Defense and Infrastructure Picks
Nomura's positive view on Hindustan Aeronautics Limited (HAL) is supported by a strong order book exceeding ₹2.54 lakh crore, offering clear visibility for projects like the Light Combat Aircraft. While provisional FY26 revenue missed estimates due to supply chain issues, Nomura updated earnings forecasts, expecting gradual supply improvements from vendors like General Electric. The stock trades at a P/E of about 36.7x, in line with its historical average, while peer Bharat Electronics trades higher at 52.35x.
Adani Ports and Special Economic Zone (APSEZ) earns a 'Buy' rating with a target price suggesting over 34% upside. This is driven by an 11% year-on-year cargo volume increase in FY26 and a diverse port and geographic spread that helps absorb geopolitical impacts. Nomura forecasts 17% compound annual EBITDA growth from FY26-FY28, driven by capacity expansion and efficiency gains. The stock's P/E ratio is about 25.84x, lower than its peer median of 45.26x, suggesting relative undervaluation. However, the ongoing Middle East conflict poses risks to trade routes, potentially impacting cargo flows despite APSEZ's diverse operations.

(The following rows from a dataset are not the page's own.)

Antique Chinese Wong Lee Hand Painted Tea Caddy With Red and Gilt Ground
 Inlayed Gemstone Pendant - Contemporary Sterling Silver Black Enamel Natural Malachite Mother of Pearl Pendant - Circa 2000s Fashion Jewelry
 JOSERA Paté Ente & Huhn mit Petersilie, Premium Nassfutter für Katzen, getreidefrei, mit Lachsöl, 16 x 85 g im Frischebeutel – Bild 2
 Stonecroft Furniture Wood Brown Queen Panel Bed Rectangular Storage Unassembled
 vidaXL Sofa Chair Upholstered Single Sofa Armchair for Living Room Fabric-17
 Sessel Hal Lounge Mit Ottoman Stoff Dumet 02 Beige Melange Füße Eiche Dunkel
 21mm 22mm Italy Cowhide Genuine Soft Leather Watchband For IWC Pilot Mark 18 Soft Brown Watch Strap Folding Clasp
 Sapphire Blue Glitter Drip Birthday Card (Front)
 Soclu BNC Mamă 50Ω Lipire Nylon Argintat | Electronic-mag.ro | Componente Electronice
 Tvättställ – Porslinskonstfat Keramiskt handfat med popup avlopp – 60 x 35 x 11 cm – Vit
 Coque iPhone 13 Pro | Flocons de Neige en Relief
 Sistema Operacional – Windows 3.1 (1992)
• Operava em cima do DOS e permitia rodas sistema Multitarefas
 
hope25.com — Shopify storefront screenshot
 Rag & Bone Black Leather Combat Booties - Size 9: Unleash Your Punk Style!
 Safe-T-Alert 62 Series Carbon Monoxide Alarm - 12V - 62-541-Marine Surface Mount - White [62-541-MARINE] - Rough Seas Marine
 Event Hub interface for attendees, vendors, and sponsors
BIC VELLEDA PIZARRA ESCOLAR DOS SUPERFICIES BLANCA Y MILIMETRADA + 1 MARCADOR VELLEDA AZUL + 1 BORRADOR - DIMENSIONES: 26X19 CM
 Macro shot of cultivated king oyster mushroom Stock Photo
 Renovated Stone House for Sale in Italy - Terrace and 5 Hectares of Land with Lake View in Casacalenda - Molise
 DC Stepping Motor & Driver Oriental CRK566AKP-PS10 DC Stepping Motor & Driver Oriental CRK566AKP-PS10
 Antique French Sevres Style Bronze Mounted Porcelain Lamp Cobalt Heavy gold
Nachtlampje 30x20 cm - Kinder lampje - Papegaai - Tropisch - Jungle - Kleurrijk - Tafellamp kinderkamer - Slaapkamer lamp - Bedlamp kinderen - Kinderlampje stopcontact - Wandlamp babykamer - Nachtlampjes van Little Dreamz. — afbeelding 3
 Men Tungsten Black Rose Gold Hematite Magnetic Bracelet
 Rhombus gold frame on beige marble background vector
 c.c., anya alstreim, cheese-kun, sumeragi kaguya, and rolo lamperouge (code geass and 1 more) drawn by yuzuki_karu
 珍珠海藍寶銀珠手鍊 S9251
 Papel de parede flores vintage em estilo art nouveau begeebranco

Consumer Goods: Demand Recovery Expected
In the consumer staples segment, Dabur India receives a 'Buy' call with an expected 44% upside. Although Q4 performance may be modest due to softer healthcare and beverage sales, Nomura sees signs of domestic demand recovery and strong brand loyalty as key long-term positives. The stock trades at a P/E of approximately 40.33x.
Other Nomura 'Buy' picks, Godrej Consumer Products (P/E 55.88x) and Marico (P/E 50.23x), suggest a positive sector view. Marico is rated 'Buy' with a target price implying 20% upside. Strong Q4 revenue growth is anticipated, supported by volume gains and improving demand trends, with falling copra prices expected to boost margins. Marico reported Q4 FY26 revenue up in the low twenties year-on-year, with expected double-digit operating profit growth.
Godrej Consumer Products (GCP) also holds a 'Buy' rating, with Nomura projecting a 49% upside. The brokerage expects near double-digit revenue growth in Q4, driven by strong Indian volumes and confidence in offsetting cost pressures through pricing and savings.
E-commerce: High Growth, High Valuation
FSN E-Commerce Ventures, the parent company of Nykaa, retains a 'Buy' rating with a 24% upside projection. Nomura highlights strong momentum in beauty, personal care, and fashion, with Q4 revenue growth expected in the high twenties, noting fashion as a key growth driver. However, FSN E-Commerce Ventures trades at a high P/E of about 505x, far above the industry average of 124x, suggesting high expectations.
Key Risks to Watch
The Middle East conflict remains a significant risk, disrupting shipping routes, raising freight and insurance costs, and potentially affecting supply chains for imports essential to sectors like ports and consumer goods. For HAL, delays in engine supplies from vendors like General Electric have impacted aircraft deliveries, though normalization is expected.
Several consumer companies, including Dabur, have faced near-term pressures from weak demand in specific categories. FSN E-Commerce Ventures' extremely high P/E of over 500x poses a major risk if growth targets are missed or market sentiment shifts. Despite Nomura's positive demand outlook, the broader FMCG sector has seen some softness, with Marico shares slipping nearly 2% recently despite a strong Q4 update. Competitors like Hindustan Unilever (Market Cap ₹5.34T) and ITC Limited (Market Cap ₹3.67T) operate at vastly different scales, potentially offering more stability.
Nomura's Upside Projections
Nomura's consistent 'Buy' ratings reflect confidence in the underlying strength of these diverse Indian companies. HAL's order book and Adani Ports' infrastructure position them for sustained growth. Consumer names like Dabur, Marico, and Godrej Consumer are expected to benefit from gradual domestic demand recovery and strategic brand management, while FSN E-Commerce Ventures is positioned to capitalize on the rapid expansion of India's digital commerce market. Nomura's price targets suggest significant upside, from 20% for Marico to over 62% for HAL, indicating confidence in their ability to overcome near-term challenges and deliver long-term value.